SCREEN GEMS/Color/1.85/Dolby Digital/86 Mins/Rated PG. 13

Cast: Barry Watson, Emily Deschanel, Skye McCole Bartusiak, Lucy Lawless, Tory Mussett, Andrew Glover, Charles Mesure, Phillip Gordon, Aaron Murphy.

Credits: Directed by Stephen Kay. Screenplay by Eric Kripke, Juliet Snowden, Stiles White. Story by Kripke. Produced by Sam Raimi, Rob Tapert. Director of photography. Bobby Bukowski. Production designer: Robert Gillies. Edited by John Axelrad. Music by Joseph Loduca. Costume designer: Jane Holland. Executive producers: Joe Drake, Nathan Kahane, Carsten Lorenz, Steve Hein, Gary Bryman. Co-producers: Kripke, Doug Leffler. A Ghost House Pictures production, presented in association with Senator Intl.

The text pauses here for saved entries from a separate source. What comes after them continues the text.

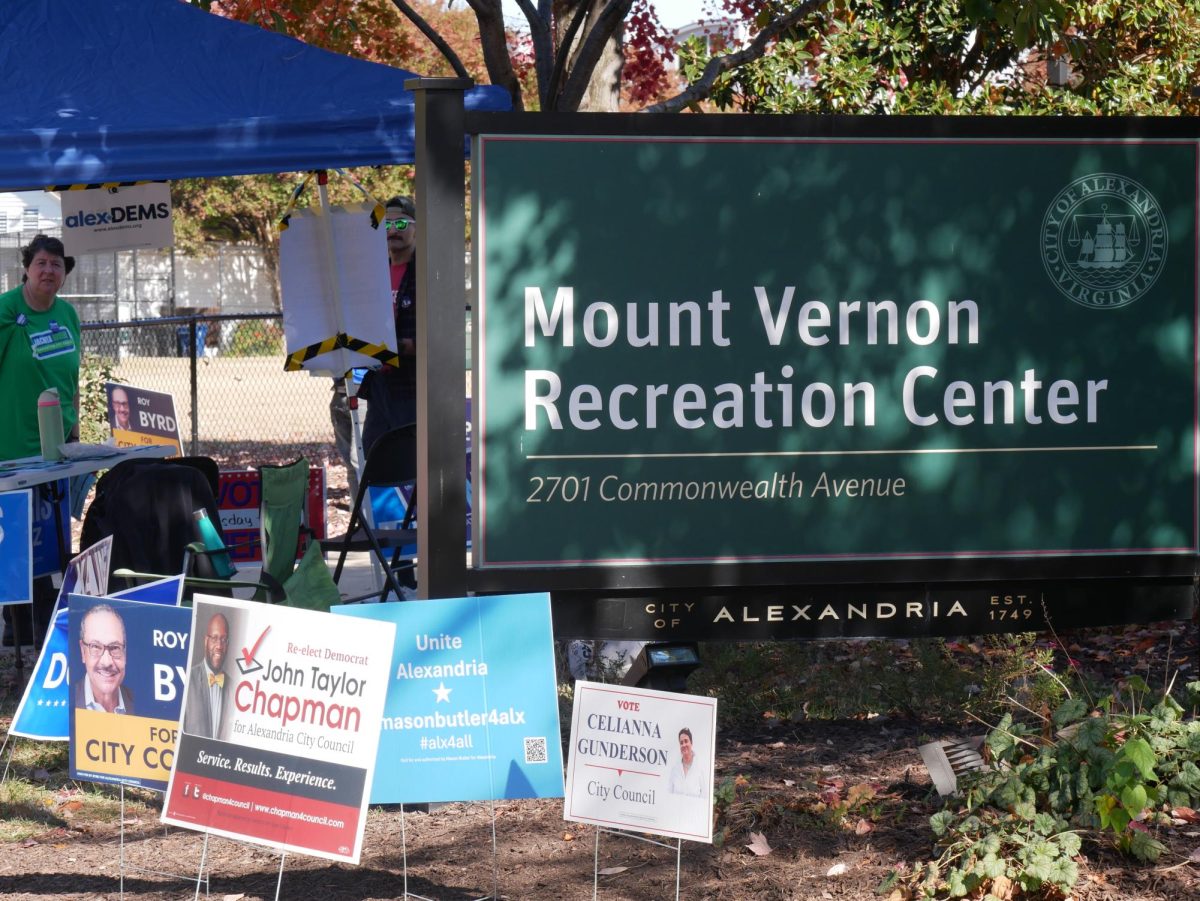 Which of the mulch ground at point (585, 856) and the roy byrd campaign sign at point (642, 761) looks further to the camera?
the mulch ground at point (585, 856)

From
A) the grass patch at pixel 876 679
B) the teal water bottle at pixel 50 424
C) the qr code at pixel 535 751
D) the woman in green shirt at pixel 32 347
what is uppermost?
the woman in green shirt at pixel 32 347

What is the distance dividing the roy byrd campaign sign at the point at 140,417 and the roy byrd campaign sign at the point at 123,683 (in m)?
4.65

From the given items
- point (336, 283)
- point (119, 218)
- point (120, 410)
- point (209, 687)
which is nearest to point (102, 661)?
point (209, 687)

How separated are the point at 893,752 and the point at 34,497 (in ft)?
13.6

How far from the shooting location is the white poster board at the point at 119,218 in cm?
897

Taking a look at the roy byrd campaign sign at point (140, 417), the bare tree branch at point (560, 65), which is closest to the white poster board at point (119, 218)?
the roy byrd campaign sign at point (140, 417)

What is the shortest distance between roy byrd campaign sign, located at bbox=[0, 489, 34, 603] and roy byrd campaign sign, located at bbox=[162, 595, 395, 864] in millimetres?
2214

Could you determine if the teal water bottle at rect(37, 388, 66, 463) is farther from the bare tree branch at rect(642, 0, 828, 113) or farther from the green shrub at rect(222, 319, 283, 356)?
the green shrub at rect(222, 319, 283, 356)

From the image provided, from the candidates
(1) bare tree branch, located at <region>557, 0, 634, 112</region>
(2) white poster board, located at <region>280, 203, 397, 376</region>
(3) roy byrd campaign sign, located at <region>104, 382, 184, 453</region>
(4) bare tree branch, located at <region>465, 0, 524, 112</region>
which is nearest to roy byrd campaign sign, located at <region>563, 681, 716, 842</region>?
(1) bare tree branch, located at <region>557, 0, 634, 112</region>

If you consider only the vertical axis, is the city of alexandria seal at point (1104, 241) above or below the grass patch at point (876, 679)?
above

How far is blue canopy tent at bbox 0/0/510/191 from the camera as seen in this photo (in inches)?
258

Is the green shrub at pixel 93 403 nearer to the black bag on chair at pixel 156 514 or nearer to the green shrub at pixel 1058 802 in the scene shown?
the black bag on chair at pixel 156 514

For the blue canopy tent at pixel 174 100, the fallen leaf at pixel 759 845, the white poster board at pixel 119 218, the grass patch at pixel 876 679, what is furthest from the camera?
the white poster board at pixel 119 218

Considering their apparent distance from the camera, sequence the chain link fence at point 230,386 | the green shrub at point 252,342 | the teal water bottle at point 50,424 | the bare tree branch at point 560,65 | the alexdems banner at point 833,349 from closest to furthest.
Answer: the alexdems banner at point 833,349
the teal water bottle at point 50,424
the bare tree branch at point 560,65
the chain link fence at point 230,386
the green shrub at point 252,342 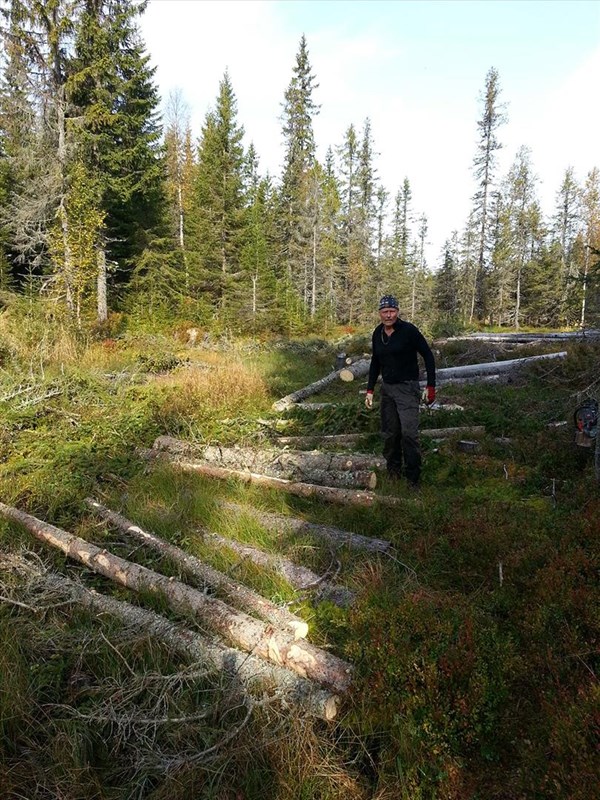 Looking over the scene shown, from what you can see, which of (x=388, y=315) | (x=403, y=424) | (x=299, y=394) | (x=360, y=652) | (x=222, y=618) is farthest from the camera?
(x=299, y=394)

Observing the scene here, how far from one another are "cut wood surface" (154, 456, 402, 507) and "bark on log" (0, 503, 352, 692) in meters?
2.02

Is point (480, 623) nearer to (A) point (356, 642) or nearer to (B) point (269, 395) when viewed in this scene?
(A) point (356, 642)

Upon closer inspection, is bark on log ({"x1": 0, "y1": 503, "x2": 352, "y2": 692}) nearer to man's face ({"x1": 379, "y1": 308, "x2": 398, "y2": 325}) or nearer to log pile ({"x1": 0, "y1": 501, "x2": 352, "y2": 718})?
log pile ({"x1": 0, "y1": 501, "x2": 352, "y2": 718})

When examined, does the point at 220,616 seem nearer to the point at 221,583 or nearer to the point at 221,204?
the point at 221,583

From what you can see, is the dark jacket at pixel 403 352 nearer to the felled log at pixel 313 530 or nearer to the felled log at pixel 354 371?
the felled log at pixel 313 530

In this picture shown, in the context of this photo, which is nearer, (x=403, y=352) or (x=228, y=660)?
(x=228, y=660)

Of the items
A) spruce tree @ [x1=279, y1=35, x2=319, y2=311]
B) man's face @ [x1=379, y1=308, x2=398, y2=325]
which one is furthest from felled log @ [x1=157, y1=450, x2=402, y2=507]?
spruce tree @ [x1=279, y1=35, x2=319, y2=311]

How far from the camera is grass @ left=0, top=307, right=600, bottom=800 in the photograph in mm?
2506

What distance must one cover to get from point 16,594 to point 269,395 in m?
7.39

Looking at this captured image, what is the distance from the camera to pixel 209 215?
2794cm

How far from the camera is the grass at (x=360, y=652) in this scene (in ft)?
8.22

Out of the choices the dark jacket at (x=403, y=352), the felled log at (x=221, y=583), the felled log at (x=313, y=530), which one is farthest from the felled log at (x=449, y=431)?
the felled log at (x=221, y=583)

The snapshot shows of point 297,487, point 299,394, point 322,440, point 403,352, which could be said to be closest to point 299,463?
point 297,487

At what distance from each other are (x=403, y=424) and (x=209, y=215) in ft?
83.0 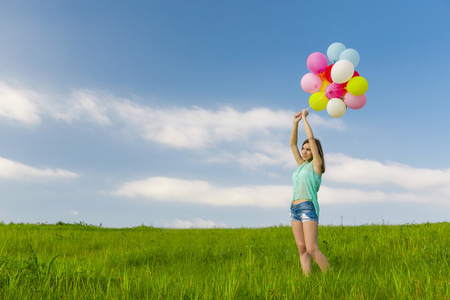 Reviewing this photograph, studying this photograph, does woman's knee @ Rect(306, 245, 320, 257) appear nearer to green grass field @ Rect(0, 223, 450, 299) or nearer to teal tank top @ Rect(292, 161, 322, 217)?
green grass field @ Rect(0, 223, 450, 299)

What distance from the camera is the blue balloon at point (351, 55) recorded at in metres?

An intriguing premise is squandered in this paint-by-numbers horror film. 05-86

Never let it be said that Sam Raimi has forgotten his roots. After hitting the big time with the Spider-Man juggernaut, the horror whiz turned A-list director used his new-found clout to establish Ghost House Pictures, a specialty arm of the Sony Pictures empire devoted exclusively to churning out inexpensive fright flicks. The fledgling company scored a major success with their first release, The Grudge, which only cost $10 million and grossed ten times that. Since then, Ghost House has announced a full slate of movies including the inevitable Grudge 2, an adaptation of the cult comic book 30 Days of Night and, most bizarrely, a remake of Raimi's own horror classic The Evil Dead. Hopefully, those projects will be more satisfying than the company's current release Boogeyman, which was actually completed over a year ago but is just now hitting theatres to capitalize on the popularity of The Grudge. The ploy worked--Boogeyman grossed almost $20 million its opening weekend--but the film itself is a bland affair with none of the imagination that distinguishes the best horror movies.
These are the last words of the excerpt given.